Founded in 1951 as a department of the city of Birmingham, the Museum of Art was subject to the same Jim Crow laws that variously established “separate but equal” accommodations for blacks, or excluded them entirely. During the 1950s and early 1960s, African Americans were only allowed to visit the Museum on Tuesdays or “Negro day.” Given this legacy, it is not surprising that the Museum was slow to begin collecting the work of African American artists. That changed in 1971, the same year that Richard Arrington became the first African American elected to the Birmingham City Council (Arthur Shores had been appointed to an empty seat in 1968), pledging to make Birmingham “a city of which all her people can be proud.” That year, the Museum was given a work by Henry Ossawa Tanner (1859– 1937), and the following year, it purchased an important painting by David C. Driskell (born 1931) with funds from businessman A. G. Gaston. In the decades that followed, the Museum has strived to do its part to fulfill Richard Arrington’s promise by creating a collection of which all of Birmingham’s people can be proud.

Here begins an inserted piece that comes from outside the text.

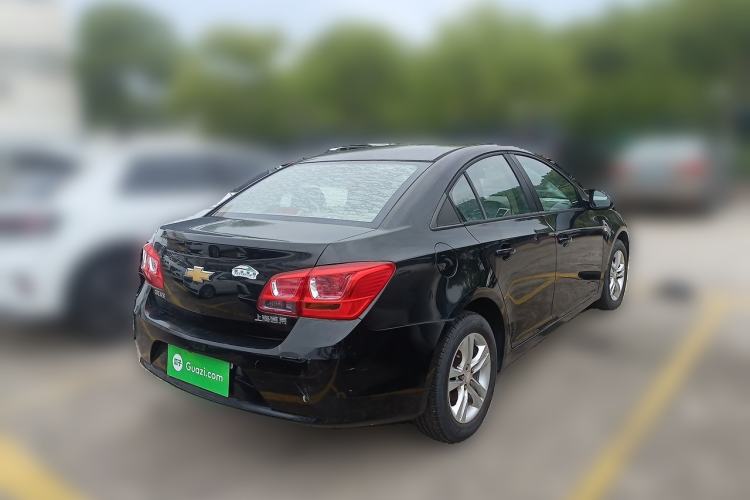 Used Chevrolet Cruze 2015 1.5L Classic SE MT Rear Right 45 Deg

To that end, the Museum recently acquired a superb landscape by Edward Mitchell Bannister (1828–1901), a black Canadian-born landscape painter who moved to New England in the 1840s and became an active and successful participant in the region’s artistic life, despite the adversity of racism. Of this, he once stated, “I have been sustained by an inborn love for art and accomplished all I have undertaken through the severest struggles which, while severe enough for white men, have been enhanced tenfold in my case.”
His monumental painting Under the Oaks (location unknown) received first prize at the 1876 Philadelphia Centennial Exhibition. He later described the moment when the prize committee discovered it awarded top honors to a black man, writing, “An explosion could not have made a more marked impression.” Deeply influenced by the French Barbizon School, Bannister painted with a soft, loose touch, using a limited palette of greens, browns, and grays. He took the landscape of his adopted home of Rhode Island as his subject matter and strove to recreate the subtle effects of light and atmosphere found in nature. The painting was purchased in part with funds donated in honor of Norman B. Davis, Jr. Norm and his wife Carnetta are longtime supporters of the BMA and collectors of African-American art. The Bannister hangs in the Styslinger Gallery of American Art next to a still-life by Charles Ethan Porter that the Davis family gave to the BMA in 2014.